I see the approach to working purely stateless, but my point is that I wish to re-use the same iterator at a later point and benefit from the work already done
e.g. see how
@time sum(Iterators.take(P, 100_000)) # Here, we need to compute the first 100_000 primes
@time sum(Iterators.take(P, 100_000)) # Here, we can re-use them from memory.
produces the following, where the second run is re-using the work done in the first run
If you work with primes a lot and also want save time between Julia sessions, you could also push the computation of primes to the compilation step and keep a “global” list of primes around.
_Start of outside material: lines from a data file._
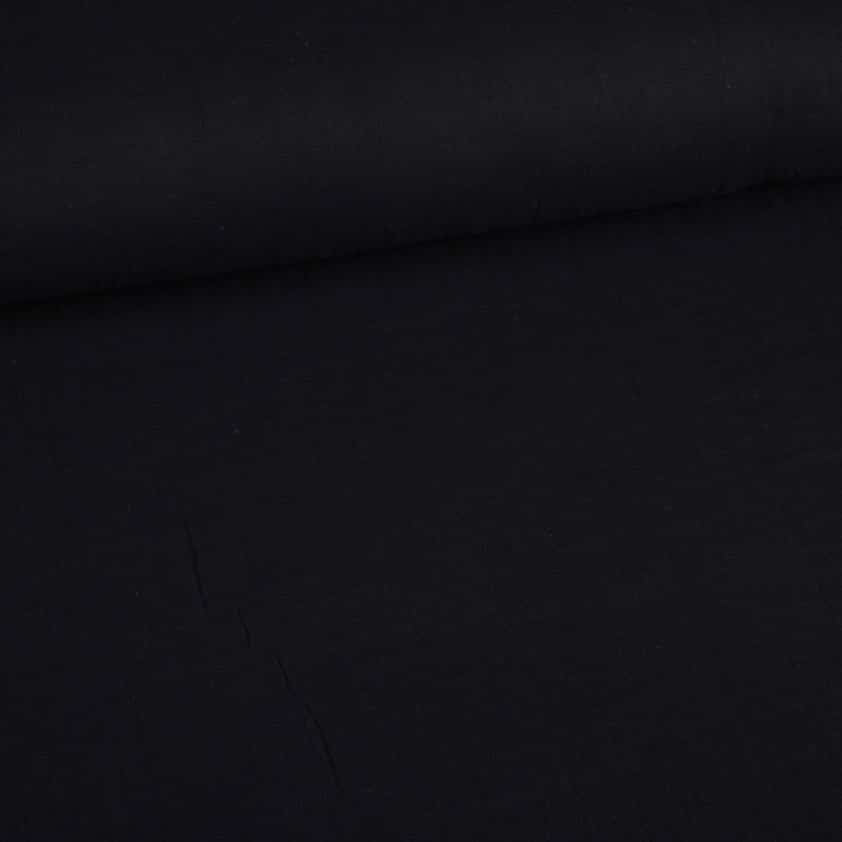 Tissu hydrophile coton bébé noir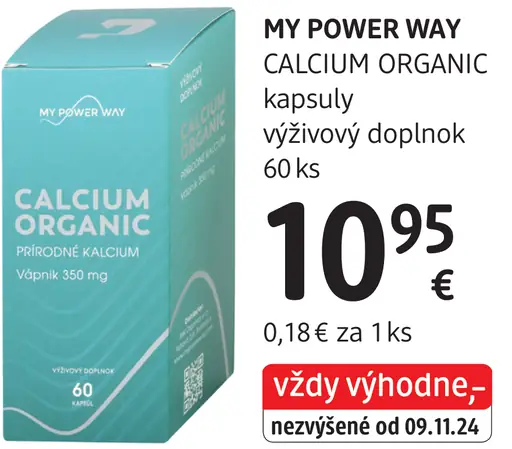 My Power Way Calcium Organic kapsuly výživový doplnok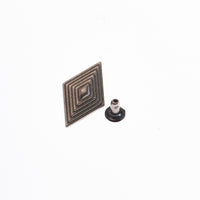 飾りカシメ 10個(組)入り 21.5×13.5mm 合金製 VC0035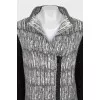 Long cardigan with a zipper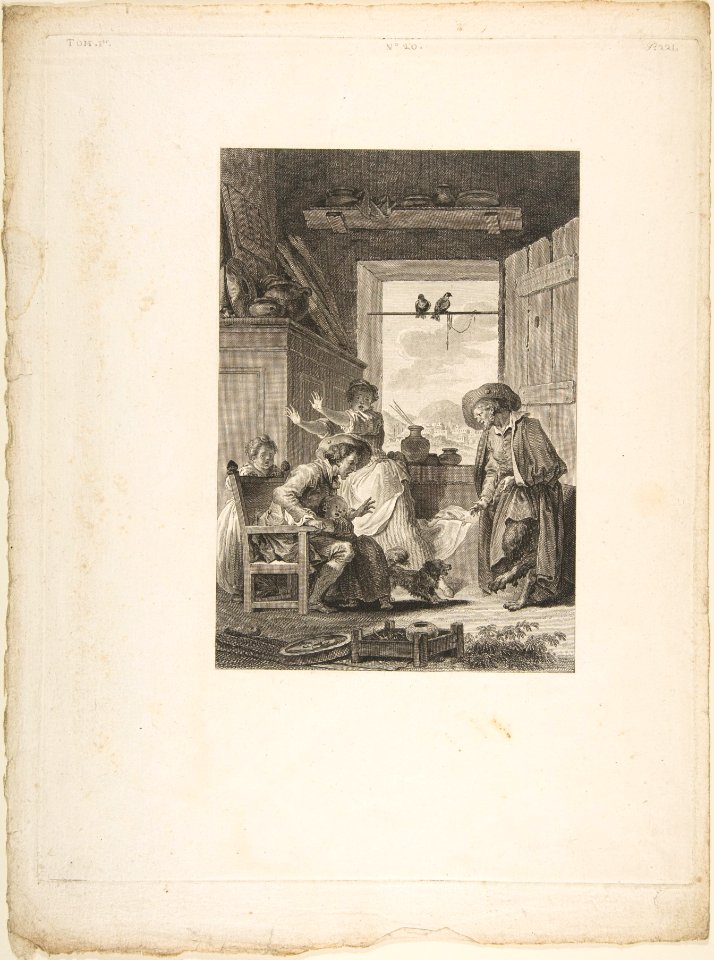 Belphegor, from Contes et nouvelles en vers par Jean de La Fontaine. A Paris, de l'imprimerie de P. Didot, l'an III de la République, 1795 MET DP813880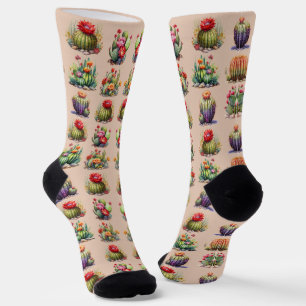 Cactussen Waterverf Sokken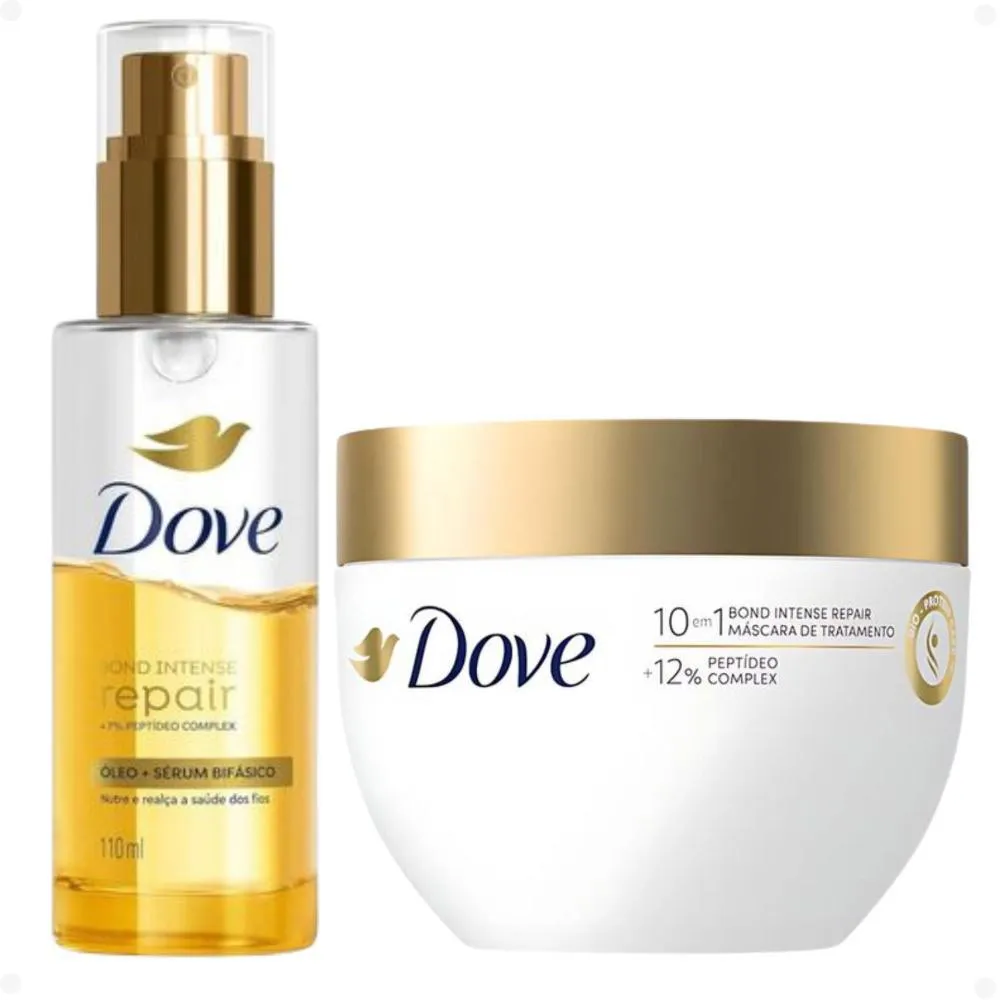 KIT MáSCARA + ÓLEO DOVE BOND INTENSE REPAIR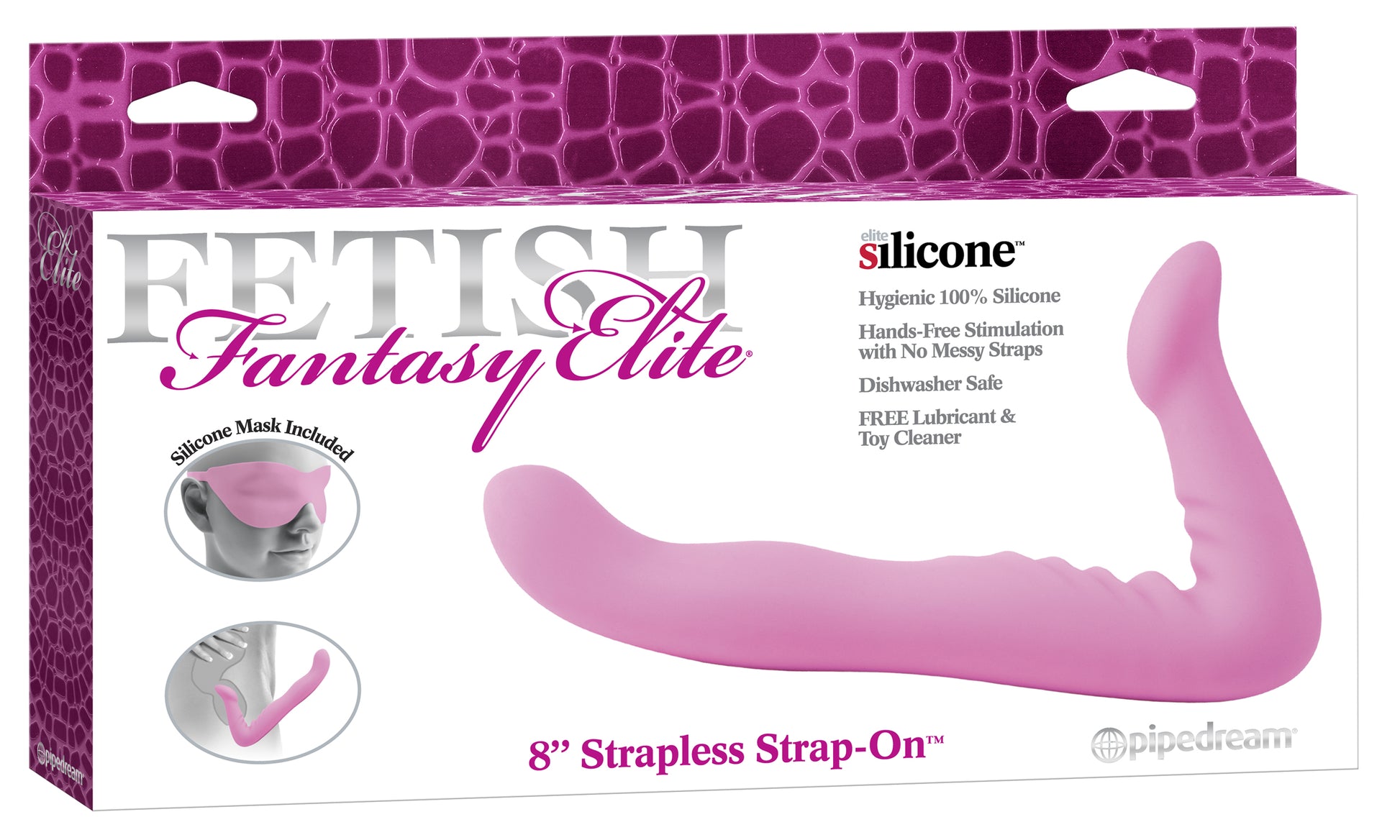 Fetish Fantasy Elite 8-Inch Strapless Strap-on - Pink by Pipedream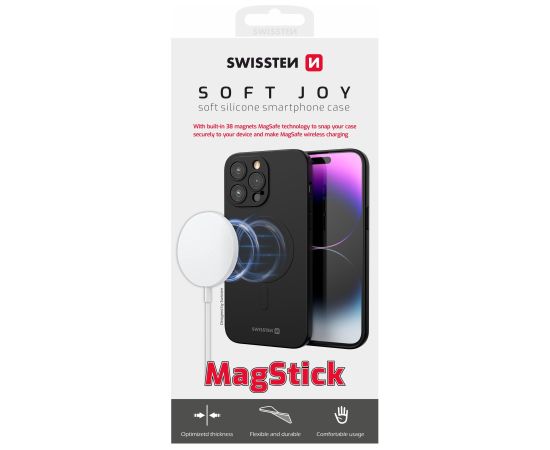 Swissten Soft Joy Magstick Case Aizmugurējais Apvalks Priekš Apple iPhone 16 Pro Max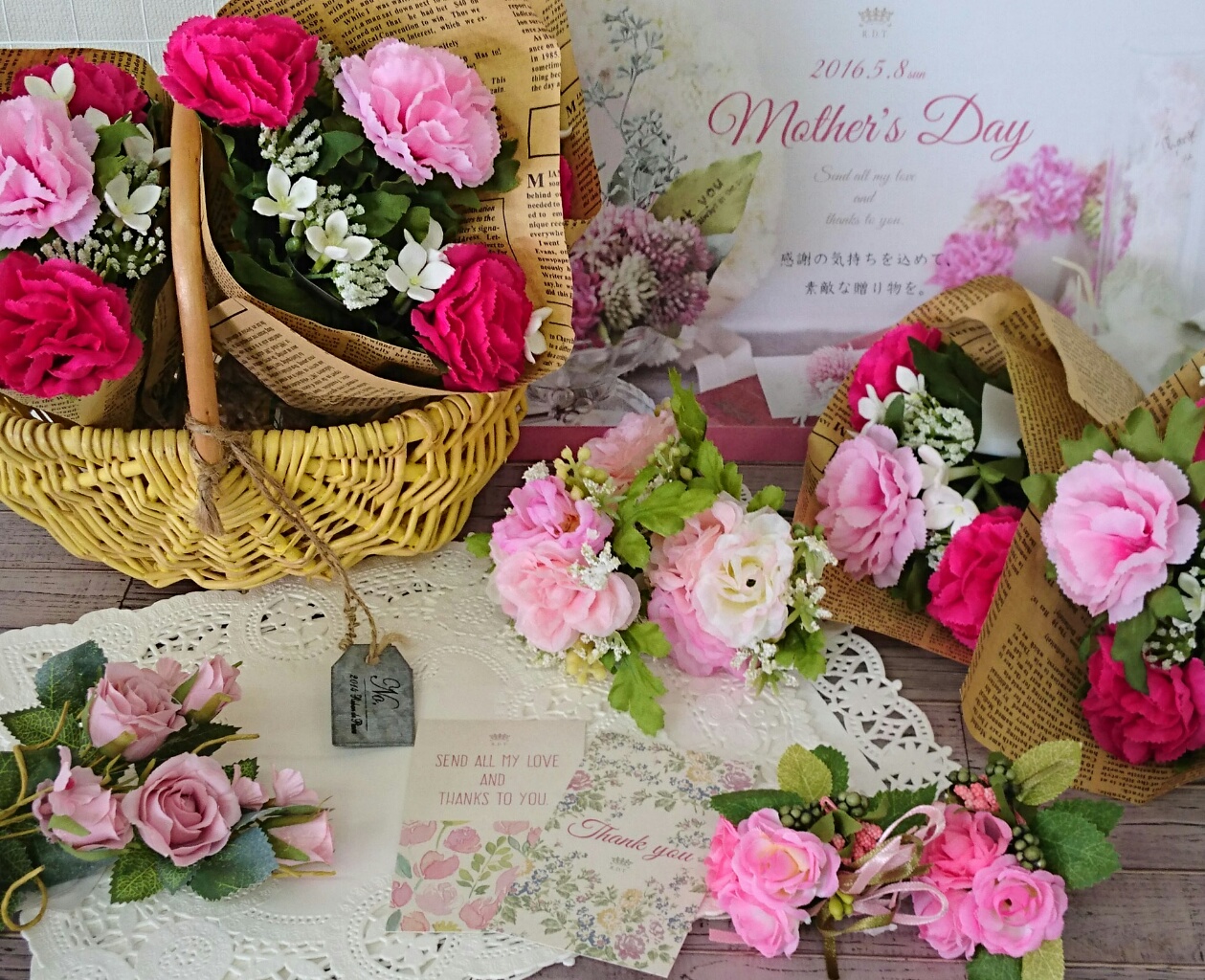 母の日のプレゼントは、花＋素敵なもの＝花雑貨を贈りませんか？
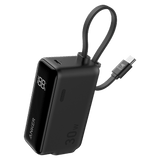 Anker Power Bank 5,000 mAh 22.5W with Built in USB C Cable and Fusion Wall Charger 30W by Anker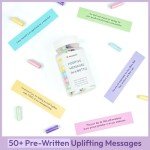 50 Positive Messages in Bottle,Anxiety Relief Items, Stress Relief, Self Care Kit for Mediation,Positive Affirmation Gifts for Women, Self Care Kit for Mediation, Unique Health and Wellness Gifts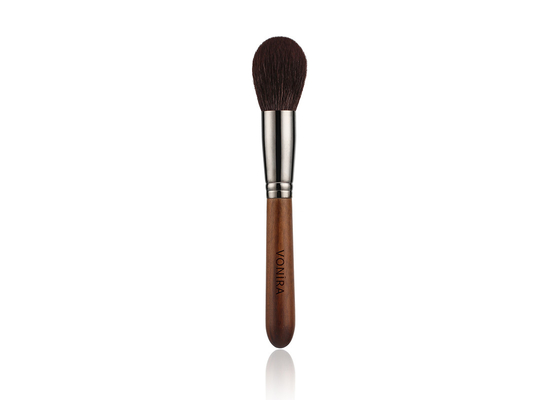 Makeup Academy Use Goat Hair Round Powder Makeup Brush OEM / ODM / OBM Support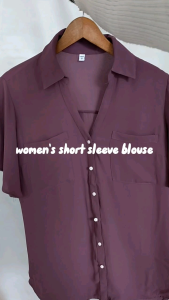 Blouse Wanita V-neck Dua Saku: Desain Terbaru & Kekinian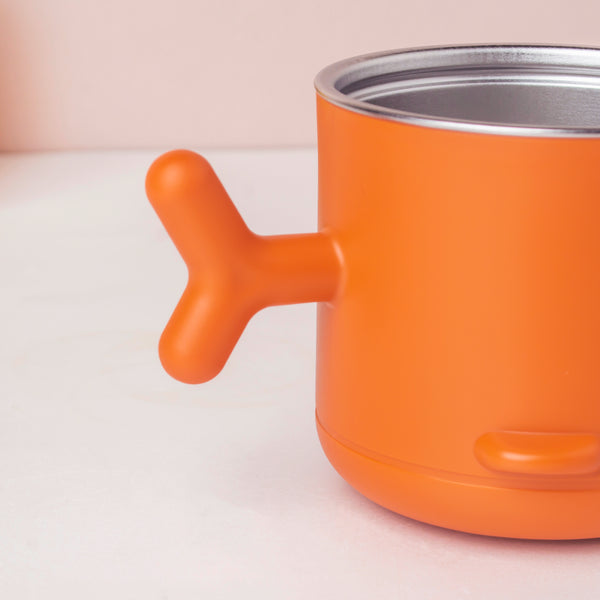 Keep Warm Stainless Steel Feeding Cup Orange 200 ml - Kids Lunch Box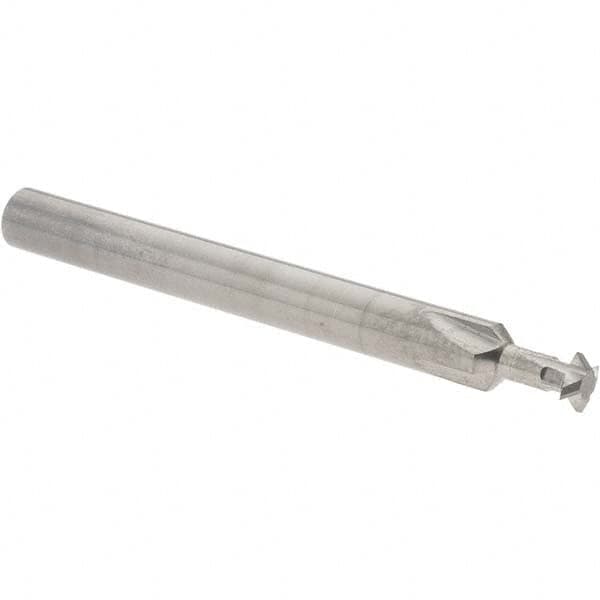 Accupro - 3/16° 3/16" Cut Diam, 0.055" Cut Width, 3/16" Shank, Solid Carbide Double-Angle Cutter - Exact Tooling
The list gets generated once when your package is compiled and could then be used (and expanded) during a session.
I believe this is what base Julia is doing for combinatorial factors up to a certain size:
As one of the main developers of Primes.jl the basic things you are missing for performance are as follows:
Fast isprime checking (look up Baillie–PSW or Miller-Rabin). For an n bit number, these methods are ~O(n^3) as opposed to O(2^n) of trial division
Sieve methods rather than spending time testing whether each number is prime individually, we can compute all the primes up to n in roughly O(n) operations.